The ghostly grove, their pale mottled trunks, twisted

limbs, all graveyard-grey shimmer, Impressionist

impastos of a Van Gogh orchard. He often wanders

here, the lost youth he has become,

an obligatory stop to get scent-drunk, 

on petals’ milky, cool, sweet flesh,

so luscious-lemony, or rose-pink, silk-sappy, 

that he wants to pin it, hold the scent 

down, wants it to keep, picking the fallen 

flowers and sniffing them, sensing 

a whiff of something lost, a ghost,

a haunting shade between forgetting

and remembering.
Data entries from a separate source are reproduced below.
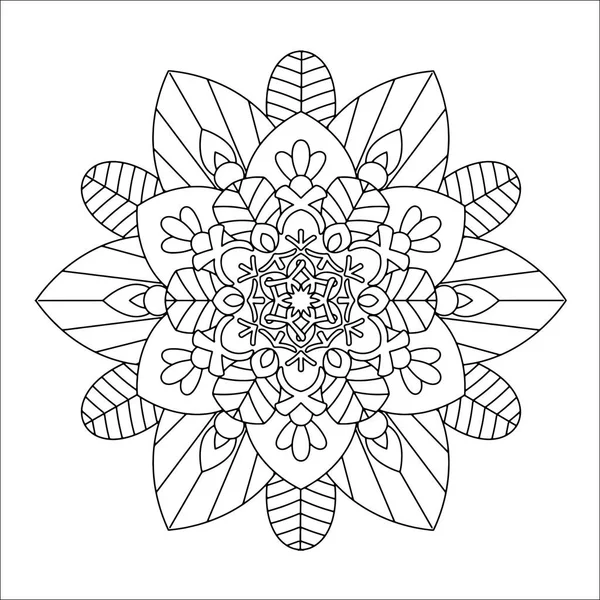 Flower Mandala矢量图解 — 图库矢量图片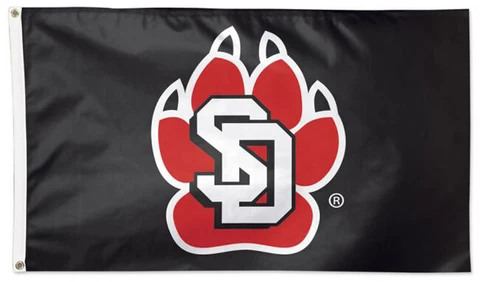 University of SOUTH DAKOTA COYOTES Official NCAA 3'x5' DELUXE TEAM FLAG Cover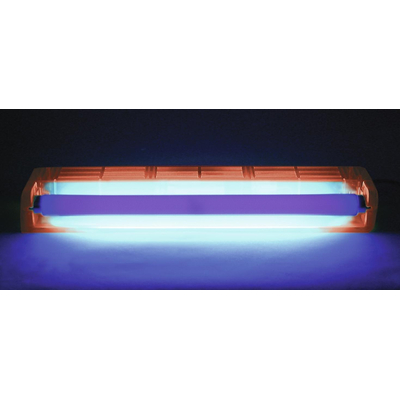 UV tube complete fixture 45cm 15W ABS red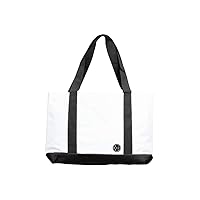 Maui and Sons Medium Boat Tote One Size White/Black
Years later, an alien 

in a foreign land, on a plot made 

home, he will plant a yellow plumeria, 

He will feed it with compost of memories,

and water it with dreams of the garden.

but it will never take root, never bloom,

its ashen body striking a death note of exile

from time’s garden, the heady fragrance

irrecoverable, the key lost, the memory

of the scent of home dead.

 

 

The Lane

 

The 150-year-old Jelawi guardian at the entrance, 

its skyward-gazing body wholly healed, no memory

of the lightning that had seared its giant

trunk rising into the sun-spangled canopy, 

its lofty crown joining other titans

t­­­o hold up the rainforest roof, their sinewy

hands cross-stitching a weave so close 

the sun-beams filter through in strained gradations.
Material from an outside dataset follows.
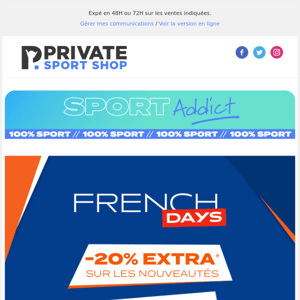 🐓 French Days 🐓 -20% extra, jouez à domicile !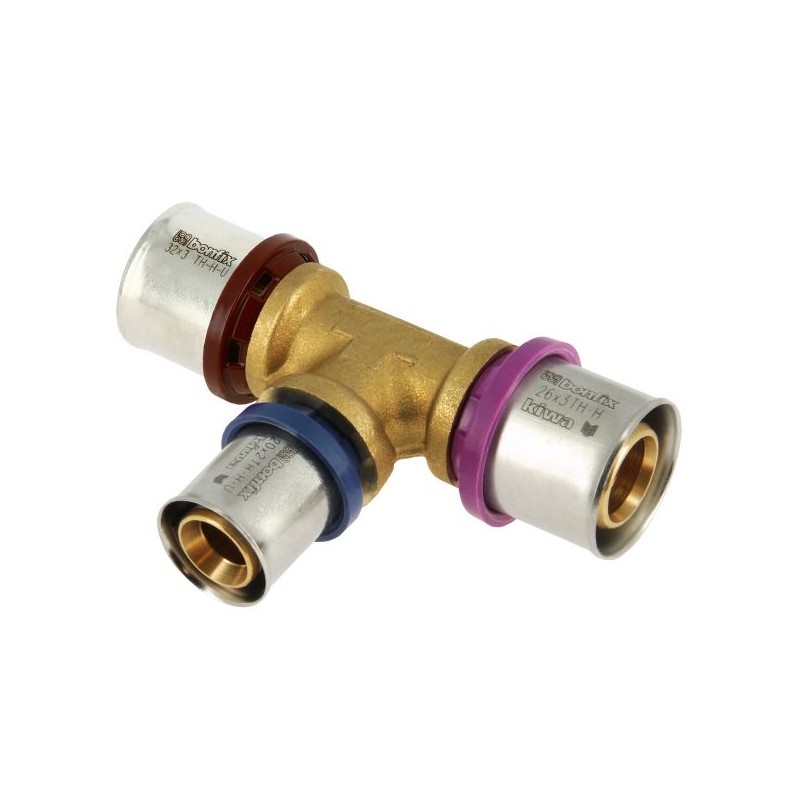 BONFIX Alu-pers verloop T-stuk 32 x 20 x 26 mm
Trees whose names he never mastered

till in another life he returns as a middle-aged tourist

and start to befriend them: the elegant Jelutong,

the towering Meranti, the Shoreas and Hopeas,

all cabled by liana, birdsong and leaf-rot

into constituency of witness

to what passes beneath them, their leaves and roots

taking into heart-rings of memory 

the ages of the country, and his absence.

As he listens with the measure of his hands 

on the storied bark, he sees the youth 

reciting Edward Thomas “The Lane” under 

the tree canopy, his head filling with foreign names:

harebell and dwarf gorse, hollies and bracken, 

turning the tropical path into the lonely poet’s

unpeopled lane, walking into the poem,

its lines banked with flowers he will never see,

its quiet music leading into a country 

of troubled peace away from the rainforest source.

Now the lane is a boardwalk, and multitudes pass

under the rainforest vault, but

the trees are old welcoming friends, 

their bodies blessing the emigrant’s 

hands with homecoming, the light

hovering in the understorey hold, 

remembered, forgiving.

 

 

Palm Valley

 

This part of the garden clad

in floating nations of palms,

the Royal, the Majestic, lone

or grouped, the Fan, the Lontar

and Coco de Mer, travelling palms

seeded in foreign soil, transplants

gone native where the garden

dips on all sides to its inner lake.

You lie in the areca thatch-shade

and watch the crowns of the palms touched

with shimmering notes of the late-

afternoon sun, their fronds combing

the celadon-blue sky. You tune in 

to calypso whispers of breakers, murmurs

of combers on faraway sands and in

the palm exchange you hear rumours 

of origins, their tufted heads leaning

together in the memory of voyages

from where they have come from

to where they now belong.

You remember reading Neruda’s 

Residence On Earth under the sun-drunk 

palms, and feel time slow in the lengthening 

shadows, memory awakening in the deepening 

tone of daylight. In your body you knew then

the poetry of earthy longing, the music born 

of distance, of roots stirring with dreams

of home, of wandering branches alive 

with the leaf-language of time and memory, 

the history of leaving and homecoming 

these travelled palms recite as the wind

and light pass through them.

 


 

Boey Kim Cheng was born in Singapore in 1965. He migrated to Australia in 1997. He has published five collections of poems, a travel memoir entitled Between Stations and a historical novel about the Tang poet Du Fu entitled Gull Between Heaven and Earth.